Found an ibuprofen on the floor and immediately popped it in my mouth because I’m sure something hurts somewhere.
Them: hey wanna go to the movies later?
Me: sure what time?
Them: 8:30
Me: *laughs in over 40*
We only teach “stop, drop and roll” to put out fire but honestly if you do it in pretty much any social situation it will also stop that.
Them: Go big or go home
Me, 30 mins later, in my bed: This is nice
No tailgaters on the truck loosely hauling porta- potties.
I can still taste the cardamom pod I accidentally chewed in that pilau rice in 1989.
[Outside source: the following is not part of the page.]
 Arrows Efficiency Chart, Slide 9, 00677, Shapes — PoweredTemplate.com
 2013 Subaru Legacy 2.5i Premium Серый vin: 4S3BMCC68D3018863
If you are feeling tired, let someone see you rip the head off a stuffed animal and eat the stuffing, and then you will have lots of time to rest.
My daughter telling me not to worry because she got her own allowance from my purse did not have the effect she intended
Your house doesn’t have to be fancy like Graceland or Monticello for it to have a name. I named mine Fred
actually this email could’ve been a meeting. we could’ve spent an hour on the clock talking shit and gossiping. someone could’ve brought bagels
If you eliminate the delete option our tweets will become life sentences.
“i think anyone using twitter still is evil” okay what are you gonna do about it. post about me on something called Florpable
Bartender: “I see your glass is empty. Would you like another?”
Me: “What on earth would I do with 2 empty glasses?”
Important Valentine’s Day PSA:
Sure, we all think Cupid is cute, but you should never teach babies archery. If you think crying is annoying, just imagine a tantrum with flying arrows.
Be safe. If they’re under three, melee weapons only!